# [BRIEF]
The material below holds a span beginning at the line with "BEL MIREN DUSTY MILLER - Darwin Holiday 2" and ending at the line with "热火名宿韦德与哈斯勒姆的解说之旅（热火传奇韦德与哈斯勒姆踏上解说新征程）". Quote that span exactly, both ends included, and only that span.

# [RECORDS FOR THIS TASK]

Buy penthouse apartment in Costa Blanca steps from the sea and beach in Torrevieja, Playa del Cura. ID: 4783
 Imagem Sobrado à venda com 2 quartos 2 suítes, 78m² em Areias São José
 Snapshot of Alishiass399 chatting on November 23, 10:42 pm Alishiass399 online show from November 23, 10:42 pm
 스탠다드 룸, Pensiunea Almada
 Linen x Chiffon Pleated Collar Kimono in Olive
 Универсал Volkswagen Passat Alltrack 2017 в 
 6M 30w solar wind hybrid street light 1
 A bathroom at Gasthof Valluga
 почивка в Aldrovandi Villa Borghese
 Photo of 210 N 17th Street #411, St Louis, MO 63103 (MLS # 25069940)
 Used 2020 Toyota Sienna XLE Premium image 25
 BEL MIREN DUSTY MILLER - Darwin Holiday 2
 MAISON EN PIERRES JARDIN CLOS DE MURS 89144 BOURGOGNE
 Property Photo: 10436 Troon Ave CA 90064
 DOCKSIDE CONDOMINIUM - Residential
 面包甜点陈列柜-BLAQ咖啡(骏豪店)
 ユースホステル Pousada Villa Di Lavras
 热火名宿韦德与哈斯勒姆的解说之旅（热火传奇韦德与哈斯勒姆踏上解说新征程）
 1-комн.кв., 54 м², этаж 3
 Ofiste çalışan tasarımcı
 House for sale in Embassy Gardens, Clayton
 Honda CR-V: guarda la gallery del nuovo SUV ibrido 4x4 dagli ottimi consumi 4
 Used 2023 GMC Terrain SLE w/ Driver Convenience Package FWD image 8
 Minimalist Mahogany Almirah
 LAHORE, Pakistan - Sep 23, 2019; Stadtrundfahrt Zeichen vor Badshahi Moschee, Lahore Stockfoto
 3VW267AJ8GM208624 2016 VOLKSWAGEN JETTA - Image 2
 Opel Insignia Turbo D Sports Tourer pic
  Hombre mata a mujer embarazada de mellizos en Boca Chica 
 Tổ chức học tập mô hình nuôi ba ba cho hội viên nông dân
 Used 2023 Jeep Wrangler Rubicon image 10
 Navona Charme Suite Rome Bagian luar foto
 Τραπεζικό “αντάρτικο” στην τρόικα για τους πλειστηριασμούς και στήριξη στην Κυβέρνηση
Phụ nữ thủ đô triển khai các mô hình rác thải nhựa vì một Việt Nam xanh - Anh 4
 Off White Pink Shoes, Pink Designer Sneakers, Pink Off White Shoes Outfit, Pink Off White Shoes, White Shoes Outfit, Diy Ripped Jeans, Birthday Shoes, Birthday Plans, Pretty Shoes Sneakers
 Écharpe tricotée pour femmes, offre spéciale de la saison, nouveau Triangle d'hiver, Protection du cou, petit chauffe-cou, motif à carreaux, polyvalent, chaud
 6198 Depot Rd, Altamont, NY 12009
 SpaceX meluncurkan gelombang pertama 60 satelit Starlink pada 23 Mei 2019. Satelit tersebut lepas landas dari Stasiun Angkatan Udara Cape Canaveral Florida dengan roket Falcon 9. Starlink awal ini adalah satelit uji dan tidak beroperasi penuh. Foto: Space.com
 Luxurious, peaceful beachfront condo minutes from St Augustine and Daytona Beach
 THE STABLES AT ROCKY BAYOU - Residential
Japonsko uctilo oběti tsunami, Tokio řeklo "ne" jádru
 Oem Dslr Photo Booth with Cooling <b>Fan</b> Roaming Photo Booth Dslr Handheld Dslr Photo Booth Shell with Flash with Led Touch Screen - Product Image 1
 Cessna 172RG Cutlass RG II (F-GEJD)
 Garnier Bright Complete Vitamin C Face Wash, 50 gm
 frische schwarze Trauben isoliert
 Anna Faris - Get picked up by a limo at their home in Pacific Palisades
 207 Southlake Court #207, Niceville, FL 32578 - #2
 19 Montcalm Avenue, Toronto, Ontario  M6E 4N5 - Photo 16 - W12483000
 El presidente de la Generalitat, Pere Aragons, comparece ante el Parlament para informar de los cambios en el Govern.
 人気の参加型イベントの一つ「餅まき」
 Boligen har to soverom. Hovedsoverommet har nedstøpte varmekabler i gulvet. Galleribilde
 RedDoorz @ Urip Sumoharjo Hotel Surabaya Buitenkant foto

# [SOLVED EXERCISE]
 BEL MIREN DUSTY MILLER - Darwin Holiday 2
 MAISON EN PIERRES JARDIN CLOS DE MURS 89144 BOURGOGNE
 Property Photo: 10436 Troon Ave CA 90064
 DOCKSIDE CONDOMINIUM - Residential
 面包甜点陈列柜-BLAQ咖啡(骏豪店)
 ユースホステル Pousada Villa Di Lavras
 热火名宿韦德与哈斯勒姆的解说之旅（热火传奇韦德与哈斯勒姆踏上解说新征程）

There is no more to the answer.